### [TASK GOAL]
Under this line are the records; write out word for word the part that begins at the line containing "perkins cardigan in woodbine" and ends at the line containing "CSDM.TOP FFA CLASSIC", and no more.

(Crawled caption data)
:::

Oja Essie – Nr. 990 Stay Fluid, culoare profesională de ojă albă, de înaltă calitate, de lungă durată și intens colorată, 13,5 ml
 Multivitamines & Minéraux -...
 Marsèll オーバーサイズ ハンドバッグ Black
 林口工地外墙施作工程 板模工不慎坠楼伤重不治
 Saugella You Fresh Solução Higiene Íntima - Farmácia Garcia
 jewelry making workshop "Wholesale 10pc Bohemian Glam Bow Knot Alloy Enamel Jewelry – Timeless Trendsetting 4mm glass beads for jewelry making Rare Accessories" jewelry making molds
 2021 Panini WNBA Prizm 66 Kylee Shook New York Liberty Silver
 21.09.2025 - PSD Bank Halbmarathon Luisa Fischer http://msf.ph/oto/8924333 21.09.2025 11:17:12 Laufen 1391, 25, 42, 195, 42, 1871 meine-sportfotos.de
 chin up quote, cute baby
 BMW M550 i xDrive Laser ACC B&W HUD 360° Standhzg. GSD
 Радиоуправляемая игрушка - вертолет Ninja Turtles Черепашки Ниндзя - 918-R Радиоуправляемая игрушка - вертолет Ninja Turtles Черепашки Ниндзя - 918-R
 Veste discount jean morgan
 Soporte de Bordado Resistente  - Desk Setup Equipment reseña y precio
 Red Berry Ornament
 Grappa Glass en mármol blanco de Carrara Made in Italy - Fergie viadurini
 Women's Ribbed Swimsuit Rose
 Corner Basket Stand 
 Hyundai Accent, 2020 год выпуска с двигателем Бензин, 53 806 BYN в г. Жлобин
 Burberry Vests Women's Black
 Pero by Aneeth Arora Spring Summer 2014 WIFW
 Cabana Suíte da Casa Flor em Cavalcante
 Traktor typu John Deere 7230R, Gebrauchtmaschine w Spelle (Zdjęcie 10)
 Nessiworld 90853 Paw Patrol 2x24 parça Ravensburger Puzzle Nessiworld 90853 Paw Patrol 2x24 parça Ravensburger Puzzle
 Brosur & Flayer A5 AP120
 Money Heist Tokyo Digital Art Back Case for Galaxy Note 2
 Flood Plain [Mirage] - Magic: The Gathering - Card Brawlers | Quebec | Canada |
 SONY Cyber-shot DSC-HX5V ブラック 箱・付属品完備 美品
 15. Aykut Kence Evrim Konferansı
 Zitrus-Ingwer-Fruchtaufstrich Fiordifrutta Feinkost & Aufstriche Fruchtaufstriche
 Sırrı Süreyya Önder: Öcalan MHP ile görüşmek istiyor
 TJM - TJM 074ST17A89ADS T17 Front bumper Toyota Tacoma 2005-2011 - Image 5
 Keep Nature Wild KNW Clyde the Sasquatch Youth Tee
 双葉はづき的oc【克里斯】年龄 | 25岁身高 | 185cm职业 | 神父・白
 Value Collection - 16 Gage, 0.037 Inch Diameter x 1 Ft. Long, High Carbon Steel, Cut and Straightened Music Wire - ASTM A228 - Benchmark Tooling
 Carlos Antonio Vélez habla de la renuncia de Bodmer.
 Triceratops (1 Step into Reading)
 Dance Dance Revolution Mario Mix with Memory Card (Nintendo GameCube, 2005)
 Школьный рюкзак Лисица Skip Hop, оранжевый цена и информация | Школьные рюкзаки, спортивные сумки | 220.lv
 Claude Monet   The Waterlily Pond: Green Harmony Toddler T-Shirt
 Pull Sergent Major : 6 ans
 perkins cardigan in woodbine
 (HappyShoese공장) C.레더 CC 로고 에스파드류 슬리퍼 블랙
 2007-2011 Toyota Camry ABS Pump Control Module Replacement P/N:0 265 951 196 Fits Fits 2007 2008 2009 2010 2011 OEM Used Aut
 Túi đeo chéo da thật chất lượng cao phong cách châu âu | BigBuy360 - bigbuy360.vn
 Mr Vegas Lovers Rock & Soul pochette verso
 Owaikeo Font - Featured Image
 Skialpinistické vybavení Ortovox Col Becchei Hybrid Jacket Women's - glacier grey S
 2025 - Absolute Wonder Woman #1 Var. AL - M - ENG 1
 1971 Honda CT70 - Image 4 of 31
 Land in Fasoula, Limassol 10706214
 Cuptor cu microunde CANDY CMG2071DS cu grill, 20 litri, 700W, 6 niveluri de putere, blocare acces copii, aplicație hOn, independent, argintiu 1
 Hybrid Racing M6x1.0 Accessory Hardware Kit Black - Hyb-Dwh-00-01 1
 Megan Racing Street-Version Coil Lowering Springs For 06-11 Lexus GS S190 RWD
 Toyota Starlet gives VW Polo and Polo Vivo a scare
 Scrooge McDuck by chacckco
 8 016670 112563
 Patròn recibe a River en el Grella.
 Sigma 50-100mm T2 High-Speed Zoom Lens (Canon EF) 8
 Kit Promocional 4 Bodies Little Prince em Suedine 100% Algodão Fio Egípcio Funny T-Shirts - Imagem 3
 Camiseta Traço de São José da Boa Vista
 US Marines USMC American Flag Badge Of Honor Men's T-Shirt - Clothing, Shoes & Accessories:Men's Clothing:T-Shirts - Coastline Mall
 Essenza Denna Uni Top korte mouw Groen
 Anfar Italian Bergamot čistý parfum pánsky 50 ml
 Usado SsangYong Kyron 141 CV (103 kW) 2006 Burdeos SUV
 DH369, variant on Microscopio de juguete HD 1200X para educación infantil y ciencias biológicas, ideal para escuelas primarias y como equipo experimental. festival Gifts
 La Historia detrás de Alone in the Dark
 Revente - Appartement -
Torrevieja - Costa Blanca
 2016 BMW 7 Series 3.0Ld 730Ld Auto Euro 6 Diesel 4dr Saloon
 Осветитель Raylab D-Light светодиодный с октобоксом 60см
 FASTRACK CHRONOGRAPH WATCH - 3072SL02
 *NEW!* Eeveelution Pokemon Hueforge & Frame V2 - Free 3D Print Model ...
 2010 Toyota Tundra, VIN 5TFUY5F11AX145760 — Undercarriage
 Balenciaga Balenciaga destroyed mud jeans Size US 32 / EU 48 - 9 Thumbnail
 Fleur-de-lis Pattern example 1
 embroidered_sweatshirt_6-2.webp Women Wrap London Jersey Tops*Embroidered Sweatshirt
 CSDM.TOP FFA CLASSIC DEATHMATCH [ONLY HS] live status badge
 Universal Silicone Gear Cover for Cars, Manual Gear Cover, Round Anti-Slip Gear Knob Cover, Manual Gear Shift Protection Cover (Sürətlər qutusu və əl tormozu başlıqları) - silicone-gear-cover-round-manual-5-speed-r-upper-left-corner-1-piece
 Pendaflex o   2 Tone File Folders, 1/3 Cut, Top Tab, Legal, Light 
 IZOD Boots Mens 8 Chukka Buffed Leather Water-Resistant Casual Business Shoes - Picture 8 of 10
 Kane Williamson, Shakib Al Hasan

:::

### [EXERCISE RESPONSE]
 perkins cardigan in woodbine
 (HappyShoese공장) C.레더 CC 로고 에스파드류 슬리퍼 블랙
 2007-2011 Toyota Camry ABS Pump Control Module Replacement P/N:0 265 951 196 Fits Fits 2007 2008 2009 2010 2011 OEM Used Aut
 Túi đeo chéo da thật chất lượng cao phong cách châu âu | BigBuy360 - bigbuy360.vn
 Mr Vegas Lovers Rock & Soul pochette verso
 Owaikeo Font - Featured Image
 Skialpinistické vybavení Ortovox Col Becchei Hybrid Jacket Women's - glacier grey S
 2025 - Absolute Wonder Woman #1 Var. AL - M - ENG 1
 1971 Honda CT70 - Image 4 of 31
 Land in Fasoula, Limassol 10706214
 Cuptor cu microunde CANDY CMG2071DS cu grill, 20 litri, 700W, 6 niveluri de putere, blocare acces copii, aplicație hOn, independent, argintiu 1
 Hybrid Racing M6x1.0 Accessory Hardware Kit Black - Hyb-Dwh-00-01 1
 Megan Racing Street-Version Coil Lowering Springs For 06-11 Lexus GS S190 RWD
 Toyota Starlet gives VW Polo and Polo Vivo a scare
 Scrooge McDuck by chacckco
 8 016670 112563
 Patròn recibe a River en el Grella.
 Sigma 50-100mm T2 High-Speed Zoom Lens (Canon EF) 8
 Kit Promocional 4 Bodies Little Prince em Suedine 100% Algodão Fio Egípcio Funny T-Shirts - Imagem 3
 Camiseta Traço de São José da Boa Vista
 US Marines USMC American Flag Badge Of Honor Men's T-Shirt - Clothing, Shoes & Accessories:Men's Clothing:T-Shirts - Coastline Mall
 Essenza Denna Uni Top korte mouw Groen
 Anfar Italian Bergamot čistý parfum pánsky 50 ml
 Usado SsangYong Kyron 141 CV (103 kW) 2006 Burdeos SUV
 DH369, variant on Microscopio de juguete HD 1200X para educación infantil y ciencias biológicas, ideal para escuelas primarias y como equipo experimental. festival Gifts
 La Historia detrás de Alone in the Dark
 Revente - Appartement -
Torrevieja - Costa Blanca
 2016 BMW 7 Series 3.0Ld 730Ld Auto Euro 6 Diesel 4dr Saloon
 Осветитель Raylab D-Light светодиодный с октобоксом 60см
 FASTRACK CHRONOGRAPH WATCH - 3072SL02
 *NEW!* Eeveelution Pokemon Hueforge & Frame V2 - Free 3D Print Model ...
 2010 Toyota Tundra, VIN 5TFUY5F11AX145760 — Undercarriage
 Balenciaga Balenciaga destroyed mud jeans Size US 32 / EU 48 - 9 Thumbnail
 Fleur-de-lis Pattern example 1
 embroidered_sweatshirt_6-2.webp Women Wrap London Jersey Tops*Embroidered Sweatshirt
 CSDM.TOP FFA CLASSIC DEATHMATCH [ONLY HS] live status badge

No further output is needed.